Your task
Take the line containing "Women Black Leather" and each line after it through the end of the data below, and return them exactly, minus any pictures.
++++
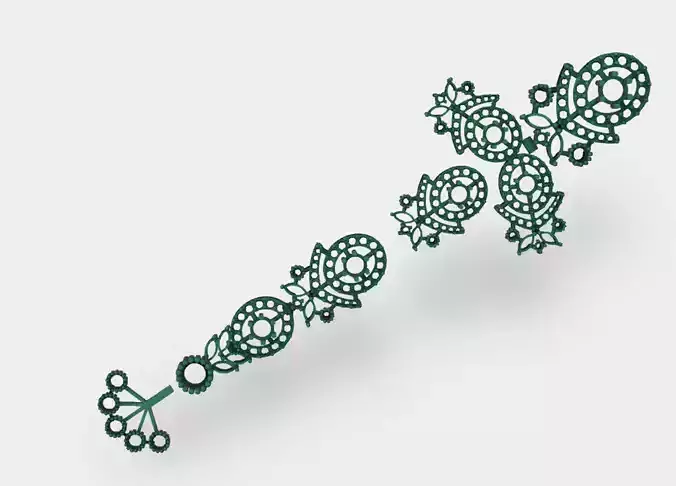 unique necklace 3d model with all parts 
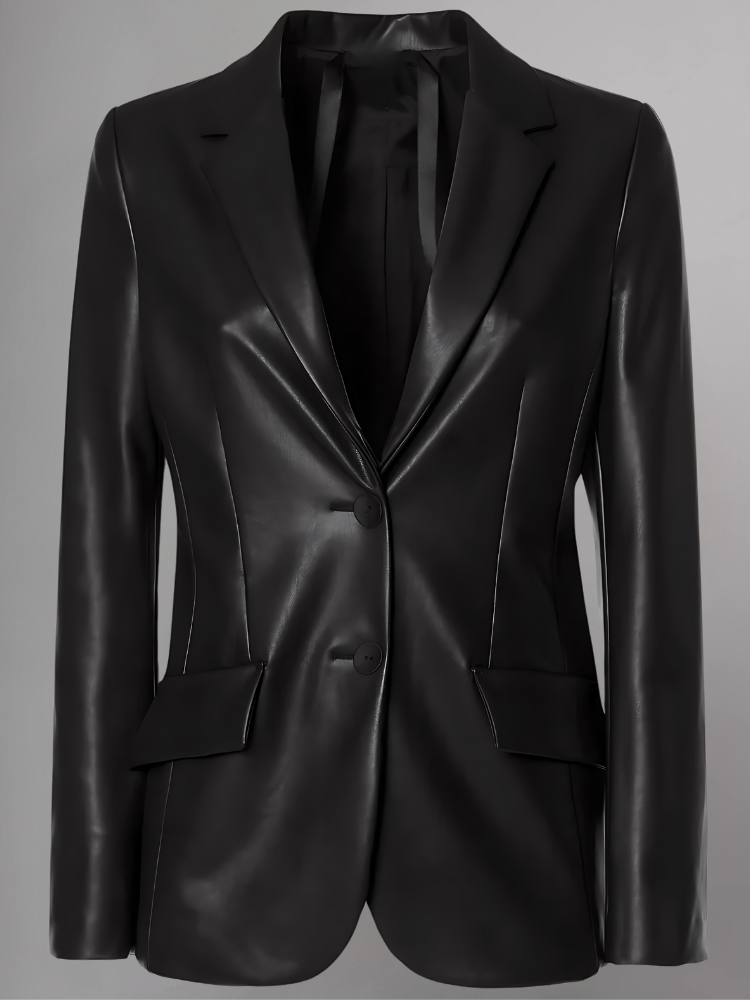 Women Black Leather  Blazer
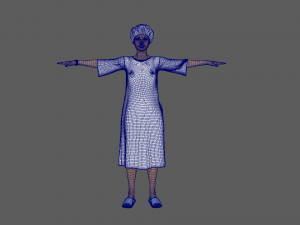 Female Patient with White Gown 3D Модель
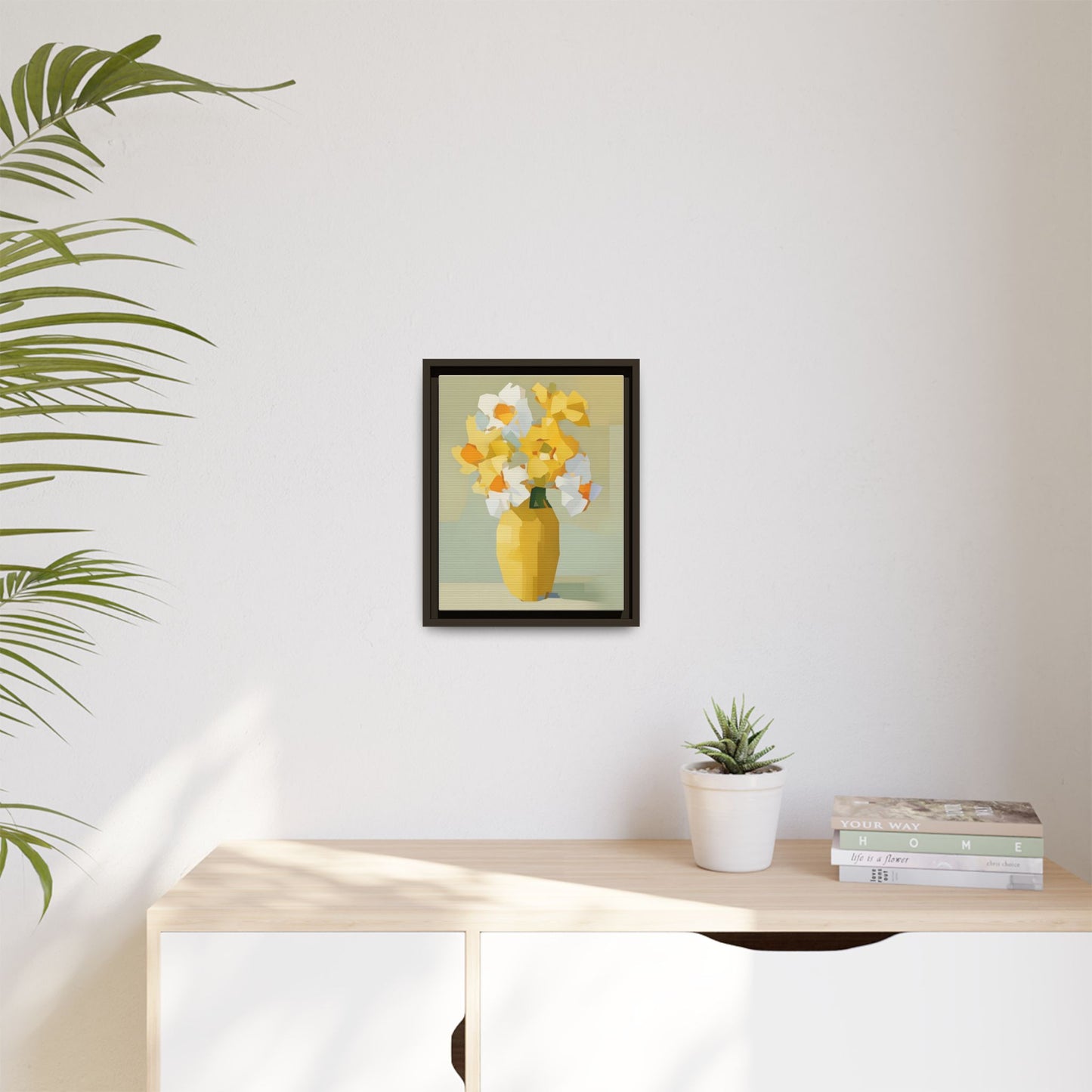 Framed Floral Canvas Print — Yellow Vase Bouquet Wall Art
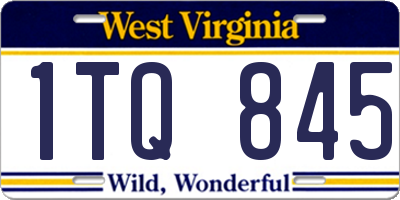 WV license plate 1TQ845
++++
Solution to this task
 Women Black Leather  Blazer
 Female Patient with White Gown 3D Модель
 Framed Floral Canvas Print — Yellow Vase Bouquet Wall Art
 WV license plate 1TQ845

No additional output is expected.